Attribute Category Attribute
Target
  Type of Simulated Data Haploid DNA Sequence
  Variations Biallelic Marker, Genotype or Sequencing Error
Simulation Method Forward-time
  Type of Dynamical Model Continuous time
  Entities Tracked Clones (see 12.2)
Input Program specific (R data frames and matrices specifying genotypes’ fitness, gene effects, and starting genotype)
Output
  Data Type Genotype or Sequence, Individual Relationship (complete parent-child relationships between clones), Demographic (populations sizes of all clones at sampling times), Diversity Measures (LOD, POM, diversity of genotypes), Fitness
  Sample Type Random or Independent, Longitudinal, Other (proportional to population size)
Evolutionary Features
  Mating Scheme Asexual Reproduction
  Demographic
    Population Size Changes Exponential (two models), Logistic (McFarland et al., 2013)
  Fitness Components
    Birth Rate Individually Determined from Genotype (models “Exp” and “McFL”)
    Death Rate Individually Determined from Genotype (model “Bozic”), Influenced by Environment —population size (model “McFL”)
 Natural Selection
    Determinant Single and Multi-locus, Fitness of Offspring, Environmental Factors (population size)

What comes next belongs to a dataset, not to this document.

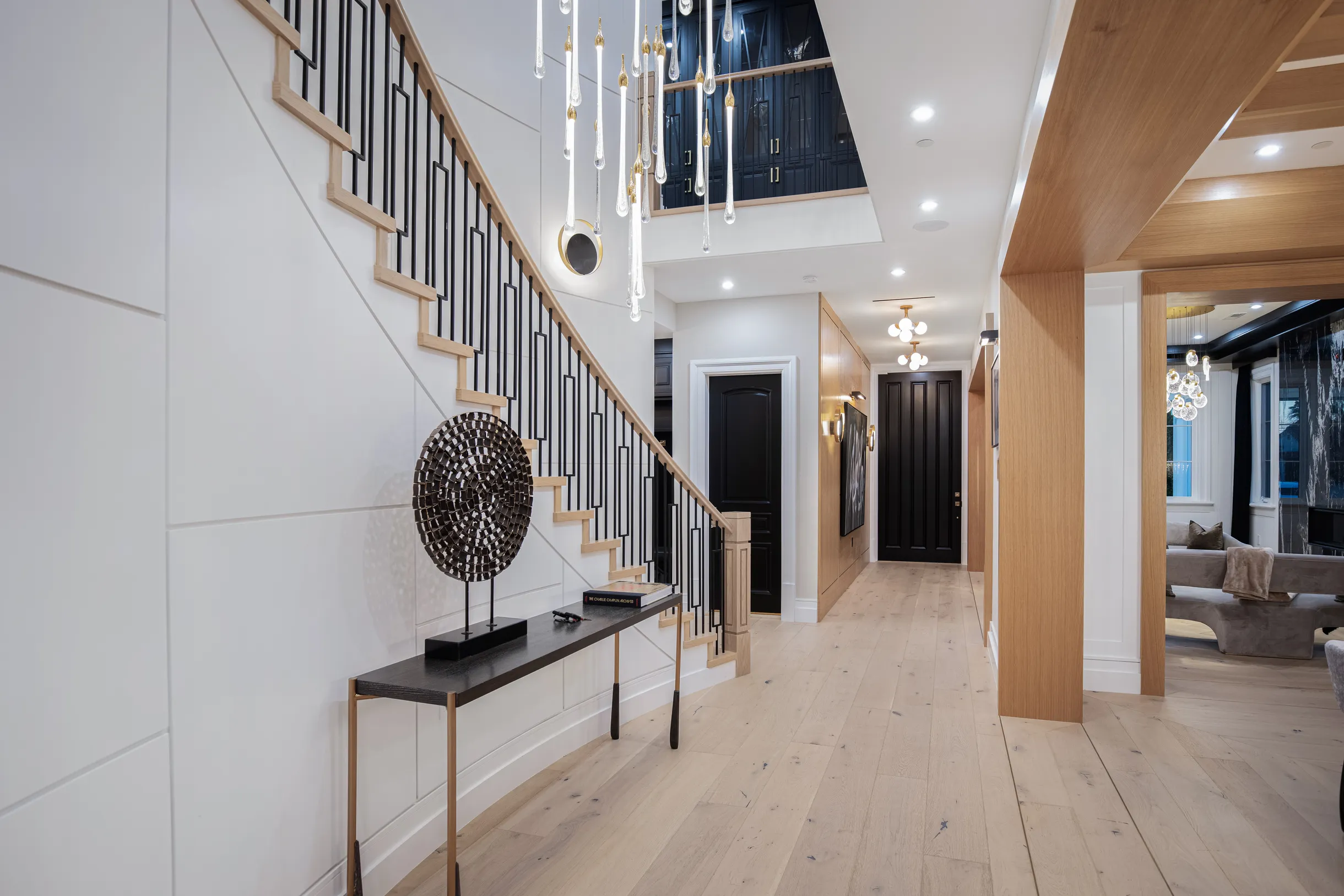 Wander Los Angeles Rise #23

    Models Directional Selection, Multi-locus models, Epistasis, Random Fitness Effects
  Mutation Models Two-allele Mutation Model (wildtype, mutant), without back mutation
  Events Allowed Varying Genetic Features: change of individual mutation rates (mutator/antimutator genes)
  Spatial Structure No Spatial Structure (perfectly mixed and no migration)

Further details about the original motivation for wanting to simulate data this way in the context of tumor progression can be found in Diaz-Uriarte (2015), where additional comments about model parameters and caveats are discussed.

Are there similar programs? The Java program by Reiter et al. (2013), TTP, offers somewhat similar functionality to the previous version of OncoSimulR, but it is restricted to at most four drivers (whereas v.1 of OncoSimulR allowed for up to 64), you cannot use arbitrary CBNs or OTs (or XORs or semimonotone graphs) to specify restrictions, there is no allowance for passengers, and a single type of model (a discrete time Galton-Watson process) is implemented. The current functionality of OncoSimulR goes well beyond the the previous version (and, thus, also the TPT of Reiter et al. (2013)).